I know that these aren't the worst but still not easy to sail in.
Could they not have waited for more calmer seas?"
This one isn't so bad, but the article clearly states that the Astrid was taking part in a Gathering Cruise
that was on its way to a classic boat festival and due to arrive that day in Kinsale. There was at least one other tall ship in the vicinity, as many of the crew were evacuated to that one. Additionally, these winds/waves are not usually dangerous for an ocean going vessel.
"In picture 3 of the article it appears the anchor
is still snuggly nestled on the bow."
This one's been addressed, as an anchor
is not always the solution.
"About your only hope in a situation like that is to have help nearby to give you a tow. even a small rib or two might have delayed the impact long enough for bigger power to arrive, but you're really at the mercy of the scene at that point."
Yep. They tried it to no avail. They were unable to safely pass a tow line to a larger vessel, as they were swept to the rocks too quickly. But they did try.
"Engine failure seems to foretell the end of these ships.... could it be they're really motor
boats? or is it the captain and crew dont have the experience to sail that type of vessel?"
They are sail boats that are trying to meet 21st Century schedules. While it is probably true that as a TRAINING vessel, this crew was not as experienced as they could have been, that does not mean that the Captain or professional crew were not up to the task. Remember, that in the age of sail before engines, many more vessels were lost
on lee shores. They usually didn't start blaming the crew (at least on merchant ships) unless there was gross misjudgment. There was a much higher acceptance for loss as there is today.
"This looks to me like a case of a skipper
who was primarily a motor boat captain rather than a sailor/square rig captain.
They were out of the tight confines of the harbor, and had room to sail, if they had a sail ready and crew able to handle it.
We all make mistakes
, and the trick is to learn from them. I think the lesson here is to have a sail to deploy if (when!) the engine fails."
First off, they probably struck their sails
to reduce windage as they were preparing to motor in to a harbor. I'm not sure which, if any, sails were set prior to the engine failing, but there were at least 4 set by the time she ran aground, and the youtube video of the incident shows them setting the main, and in the pictures it's easy to see that the fore lower tops'l is ready to set as well. On boats like this (and I have sailed a number of them), it takes a coordinated effort by many people to set the sails. They didn't do too bad, but it just wasn't enough. So, they obviously did have some sails ready to deploy and attempted to sail to safety
"I think you might have have as answered my question Evan. In looking at her configuration, couldn't Astrid have employed her aft missen and a jib
forward and sailed out of there? I am not trying to be critical, I am just wondering if she could have avoided the lee shore if : 1. She could get some cloth up quickly or 2. if the sails were already deployed and she was "motorsailing"."
Um...she's a brig. There is no mizzen sail.
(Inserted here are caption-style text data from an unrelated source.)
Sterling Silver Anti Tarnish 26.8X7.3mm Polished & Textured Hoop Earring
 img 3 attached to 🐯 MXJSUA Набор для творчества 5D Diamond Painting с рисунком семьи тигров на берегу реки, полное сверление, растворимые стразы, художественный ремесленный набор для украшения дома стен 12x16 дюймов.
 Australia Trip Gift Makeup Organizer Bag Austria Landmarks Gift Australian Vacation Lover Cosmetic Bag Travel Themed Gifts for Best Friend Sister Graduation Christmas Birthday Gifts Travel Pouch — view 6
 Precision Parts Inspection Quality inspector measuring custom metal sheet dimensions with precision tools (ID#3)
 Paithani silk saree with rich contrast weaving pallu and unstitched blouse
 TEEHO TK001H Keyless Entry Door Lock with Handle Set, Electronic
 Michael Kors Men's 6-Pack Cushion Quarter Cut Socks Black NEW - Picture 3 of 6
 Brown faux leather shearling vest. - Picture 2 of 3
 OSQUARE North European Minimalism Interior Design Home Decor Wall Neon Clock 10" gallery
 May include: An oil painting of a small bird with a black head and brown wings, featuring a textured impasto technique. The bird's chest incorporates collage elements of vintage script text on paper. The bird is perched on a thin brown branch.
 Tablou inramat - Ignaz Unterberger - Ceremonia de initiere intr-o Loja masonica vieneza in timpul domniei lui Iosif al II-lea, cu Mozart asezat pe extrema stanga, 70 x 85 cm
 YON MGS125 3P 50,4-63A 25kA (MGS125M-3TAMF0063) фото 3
Additionally, with just her main and a jib, she wouldn't have had much force, and would have had a hell of a time keeping from being caught in irons. Furthermore, she had two headsails, a main stays'l, and the mains'l set before running aground (iirc from the video which I watched yesterday, she may have struck the mains'l prior to going aground, and eventually struck all the sails once aground, probably to prevent as much damage as possible and make the rescue
Ultimately, this was a very tragic loss of a tall ship. Luckily, nobody was killed, though. To defend the captain, when the engine quit, he tried to tow and sail the boat into safe water, but also had a boat full of what appears to be teenage trainees. Once it was clear that getting to safe water was not likely, he focused on getting them, and ultimately the whole crew, safely off the boat. This is foresight and good judgement, not incompetence. It was only about an hour from when they first had engine problems to when the boat was on the rocks and sinking. In that time, they were able to attempt two different means of saving the ship from going on the rocks, and then ultimately take measures to ensure the survival of the 30 people onboard. They called for help early, and there were no casualties. Captain and crew: success in a bad situation.